Want to feel five years older in just five minutes? Just take a memory test.

Participants in a recent study, ages 65 to 85, said they felt an average of five years older after taking a simple memory test. Researchers at Texas A&M University gave 22 adults a brief test on their ability to recall information and their basic cognitive functioning, asking participants to write down how old they felt both before and after the test.

Before the simple test, the participants said they felt around 58.5 years old on average on a scale of zero to 120 -- almost 17 years younger than their actual average age.

After the test, however, they said they felt an average of 63.1 years old. In a matter of minutes, the participants perceived age rose nearly five years.

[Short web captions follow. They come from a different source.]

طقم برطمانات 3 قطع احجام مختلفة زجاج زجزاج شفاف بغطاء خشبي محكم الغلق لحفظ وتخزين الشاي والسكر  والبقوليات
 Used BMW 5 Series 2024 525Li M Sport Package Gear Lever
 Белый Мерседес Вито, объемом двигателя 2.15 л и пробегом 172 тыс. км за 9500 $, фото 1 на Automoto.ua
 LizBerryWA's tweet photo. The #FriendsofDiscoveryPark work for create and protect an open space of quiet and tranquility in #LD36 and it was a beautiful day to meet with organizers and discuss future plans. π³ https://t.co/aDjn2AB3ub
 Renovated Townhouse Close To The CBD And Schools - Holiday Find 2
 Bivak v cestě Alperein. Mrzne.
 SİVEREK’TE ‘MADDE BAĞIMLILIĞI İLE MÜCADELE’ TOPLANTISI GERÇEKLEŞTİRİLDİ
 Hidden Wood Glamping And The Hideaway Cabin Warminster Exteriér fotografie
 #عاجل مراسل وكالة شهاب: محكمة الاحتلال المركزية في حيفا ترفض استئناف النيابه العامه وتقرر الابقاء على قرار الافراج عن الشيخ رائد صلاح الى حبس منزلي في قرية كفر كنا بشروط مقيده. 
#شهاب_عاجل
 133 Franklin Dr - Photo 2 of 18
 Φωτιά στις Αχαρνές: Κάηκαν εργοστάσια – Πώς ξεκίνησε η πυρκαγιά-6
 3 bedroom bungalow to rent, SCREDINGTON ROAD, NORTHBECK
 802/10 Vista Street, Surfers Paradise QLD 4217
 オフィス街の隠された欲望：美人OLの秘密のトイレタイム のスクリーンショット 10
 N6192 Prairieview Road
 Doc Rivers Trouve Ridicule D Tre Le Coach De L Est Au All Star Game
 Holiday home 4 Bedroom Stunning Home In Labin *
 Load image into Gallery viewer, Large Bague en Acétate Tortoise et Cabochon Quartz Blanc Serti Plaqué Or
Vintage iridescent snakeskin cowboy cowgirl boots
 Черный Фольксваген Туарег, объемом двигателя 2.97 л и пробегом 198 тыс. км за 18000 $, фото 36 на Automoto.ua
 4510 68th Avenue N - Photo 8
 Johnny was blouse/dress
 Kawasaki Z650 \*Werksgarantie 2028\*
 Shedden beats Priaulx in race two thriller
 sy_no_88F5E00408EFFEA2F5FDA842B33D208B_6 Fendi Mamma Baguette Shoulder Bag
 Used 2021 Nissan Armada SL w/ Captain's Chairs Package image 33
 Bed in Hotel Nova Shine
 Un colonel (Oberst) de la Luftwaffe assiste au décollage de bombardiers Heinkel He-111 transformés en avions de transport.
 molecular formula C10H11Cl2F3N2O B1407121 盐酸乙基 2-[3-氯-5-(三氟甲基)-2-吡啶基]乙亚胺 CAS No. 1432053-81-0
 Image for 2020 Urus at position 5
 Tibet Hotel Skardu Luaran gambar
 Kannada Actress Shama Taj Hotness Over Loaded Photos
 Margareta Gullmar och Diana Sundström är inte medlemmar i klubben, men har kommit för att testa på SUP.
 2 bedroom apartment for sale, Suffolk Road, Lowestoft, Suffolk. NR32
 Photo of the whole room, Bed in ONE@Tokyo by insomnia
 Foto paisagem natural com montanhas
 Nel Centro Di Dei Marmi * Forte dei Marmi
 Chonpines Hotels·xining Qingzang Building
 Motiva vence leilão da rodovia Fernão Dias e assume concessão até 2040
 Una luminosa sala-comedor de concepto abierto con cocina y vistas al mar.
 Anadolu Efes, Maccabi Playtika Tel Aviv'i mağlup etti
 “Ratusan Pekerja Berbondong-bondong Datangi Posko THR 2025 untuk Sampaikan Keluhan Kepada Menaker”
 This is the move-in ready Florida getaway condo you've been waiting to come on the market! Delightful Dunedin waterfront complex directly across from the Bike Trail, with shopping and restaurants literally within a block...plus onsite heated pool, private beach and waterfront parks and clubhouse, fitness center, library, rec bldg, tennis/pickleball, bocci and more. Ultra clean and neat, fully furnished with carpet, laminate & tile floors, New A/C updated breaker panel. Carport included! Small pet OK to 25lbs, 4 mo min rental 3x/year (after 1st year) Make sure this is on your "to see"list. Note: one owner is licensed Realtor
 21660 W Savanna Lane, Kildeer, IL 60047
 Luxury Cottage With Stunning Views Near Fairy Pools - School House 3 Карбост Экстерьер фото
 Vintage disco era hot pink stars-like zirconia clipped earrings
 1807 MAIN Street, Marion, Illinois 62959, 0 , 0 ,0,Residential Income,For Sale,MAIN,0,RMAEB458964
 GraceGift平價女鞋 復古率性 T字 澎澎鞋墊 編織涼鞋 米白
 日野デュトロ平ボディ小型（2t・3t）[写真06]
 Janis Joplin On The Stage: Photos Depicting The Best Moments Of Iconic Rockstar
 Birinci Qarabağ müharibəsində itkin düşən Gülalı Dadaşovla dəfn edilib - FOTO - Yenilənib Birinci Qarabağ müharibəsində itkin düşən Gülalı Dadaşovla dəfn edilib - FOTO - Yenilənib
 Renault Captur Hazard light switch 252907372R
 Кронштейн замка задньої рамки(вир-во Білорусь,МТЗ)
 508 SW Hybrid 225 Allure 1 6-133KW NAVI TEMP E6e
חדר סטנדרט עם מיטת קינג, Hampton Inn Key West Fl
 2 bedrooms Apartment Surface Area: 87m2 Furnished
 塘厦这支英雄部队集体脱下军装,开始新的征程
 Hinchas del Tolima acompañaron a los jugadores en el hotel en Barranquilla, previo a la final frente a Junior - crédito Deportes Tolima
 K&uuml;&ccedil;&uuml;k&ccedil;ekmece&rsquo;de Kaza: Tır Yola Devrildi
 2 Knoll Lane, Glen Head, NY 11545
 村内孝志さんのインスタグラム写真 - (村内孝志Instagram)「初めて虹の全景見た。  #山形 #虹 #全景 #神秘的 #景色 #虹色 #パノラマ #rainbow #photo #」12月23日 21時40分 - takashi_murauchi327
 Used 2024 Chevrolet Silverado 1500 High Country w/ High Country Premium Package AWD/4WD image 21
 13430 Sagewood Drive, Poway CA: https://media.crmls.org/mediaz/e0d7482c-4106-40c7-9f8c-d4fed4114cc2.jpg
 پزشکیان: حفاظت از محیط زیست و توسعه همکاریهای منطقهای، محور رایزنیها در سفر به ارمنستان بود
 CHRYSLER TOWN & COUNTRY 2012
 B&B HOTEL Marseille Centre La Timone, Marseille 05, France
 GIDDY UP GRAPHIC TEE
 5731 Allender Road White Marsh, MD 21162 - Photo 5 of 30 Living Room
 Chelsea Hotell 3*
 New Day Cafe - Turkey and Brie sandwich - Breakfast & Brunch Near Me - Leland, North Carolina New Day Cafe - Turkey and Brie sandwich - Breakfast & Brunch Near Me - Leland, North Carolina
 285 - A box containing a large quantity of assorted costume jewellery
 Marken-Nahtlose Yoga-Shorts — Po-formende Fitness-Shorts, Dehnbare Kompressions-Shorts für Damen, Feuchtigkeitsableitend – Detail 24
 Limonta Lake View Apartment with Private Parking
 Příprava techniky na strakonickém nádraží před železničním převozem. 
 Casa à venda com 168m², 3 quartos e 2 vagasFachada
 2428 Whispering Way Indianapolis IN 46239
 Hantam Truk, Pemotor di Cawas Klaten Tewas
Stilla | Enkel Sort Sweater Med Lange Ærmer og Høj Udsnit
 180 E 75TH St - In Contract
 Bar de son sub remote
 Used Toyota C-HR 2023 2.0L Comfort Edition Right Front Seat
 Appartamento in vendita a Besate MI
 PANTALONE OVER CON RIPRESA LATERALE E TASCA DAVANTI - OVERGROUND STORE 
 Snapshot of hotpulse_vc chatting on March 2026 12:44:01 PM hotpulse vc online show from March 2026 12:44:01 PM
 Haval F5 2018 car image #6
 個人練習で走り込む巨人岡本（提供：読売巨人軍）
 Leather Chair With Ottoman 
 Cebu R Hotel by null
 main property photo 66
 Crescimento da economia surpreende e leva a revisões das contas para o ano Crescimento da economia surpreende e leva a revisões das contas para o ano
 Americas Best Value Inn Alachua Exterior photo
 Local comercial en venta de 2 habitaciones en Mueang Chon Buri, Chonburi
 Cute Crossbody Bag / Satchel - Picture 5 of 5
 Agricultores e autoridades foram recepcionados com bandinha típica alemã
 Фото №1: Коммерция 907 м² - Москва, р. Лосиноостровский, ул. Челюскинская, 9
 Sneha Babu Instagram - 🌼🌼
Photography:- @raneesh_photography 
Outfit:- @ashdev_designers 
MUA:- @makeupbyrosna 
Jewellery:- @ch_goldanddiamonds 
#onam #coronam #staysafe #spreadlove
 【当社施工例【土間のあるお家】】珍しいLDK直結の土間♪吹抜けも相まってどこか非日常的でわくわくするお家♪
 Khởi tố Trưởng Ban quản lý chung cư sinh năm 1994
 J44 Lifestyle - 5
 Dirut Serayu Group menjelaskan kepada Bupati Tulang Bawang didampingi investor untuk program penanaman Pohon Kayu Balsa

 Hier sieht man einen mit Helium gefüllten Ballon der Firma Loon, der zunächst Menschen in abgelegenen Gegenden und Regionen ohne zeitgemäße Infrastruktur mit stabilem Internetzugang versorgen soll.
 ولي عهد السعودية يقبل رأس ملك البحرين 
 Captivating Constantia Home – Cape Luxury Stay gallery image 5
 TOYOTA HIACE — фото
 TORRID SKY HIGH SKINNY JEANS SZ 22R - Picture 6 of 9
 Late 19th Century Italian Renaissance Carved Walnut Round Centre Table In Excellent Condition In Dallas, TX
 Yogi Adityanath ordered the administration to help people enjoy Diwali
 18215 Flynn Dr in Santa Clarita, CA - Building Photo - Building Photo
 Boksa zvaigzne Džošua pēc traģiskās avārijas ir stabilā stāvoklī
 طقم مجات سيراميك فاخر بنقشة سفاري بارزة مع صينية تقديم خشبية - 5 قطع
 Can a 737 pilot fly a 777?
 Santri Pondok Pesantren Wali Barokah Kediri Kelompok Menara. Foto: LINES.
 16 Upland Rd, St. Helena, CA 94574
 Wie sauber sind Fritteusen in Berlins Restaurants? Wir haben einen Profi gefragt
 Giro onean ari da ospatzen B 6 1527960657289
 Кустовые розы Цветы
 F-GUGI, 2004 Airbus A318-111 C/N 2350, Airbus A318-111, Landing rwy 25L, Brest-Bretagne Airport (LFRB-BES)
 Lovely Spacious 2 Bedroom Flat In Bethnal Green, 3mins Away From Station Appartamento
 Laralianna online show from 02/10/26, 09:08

"Previous work shows that how old one feels -- one's subjective age -- predicts significant health outcomes, even better than one's chronological age predicts these outcomes," senior researcher Lisa Geraci said in a release. "These new results are exciting because they suggest that subjective age is malleable, and that we may be able to change subjective age and influence older adults' cognition and behavior."

Forgetfulness is no doubt a common stereotype for older people. A study at the University of Southern California tested adults ages 59-79 on the impact of aging stereotypes and found that participants were 50 percent more likely to test poorly on a memory test after reading fake news stories about memory loss in older adults.

In the Texas A&M study, the participants felt older even though their performance on the test didn't actually show any problems with their memory. In fact, perceived age didn't change for participants when they were asked to take a vocabulary test instead.

The self-fulfilling prophecy of age-related memory loss was also shown in a North Carolina State study that found older adults were more likely to perform poorly on a memory test if they believed people their age wouldn't do well.

Judging by these studies, older adults need to tune out the negativity and let perceptions of aging and memory loss go in one ear and out the other. And maybe avoid playing Go Fish.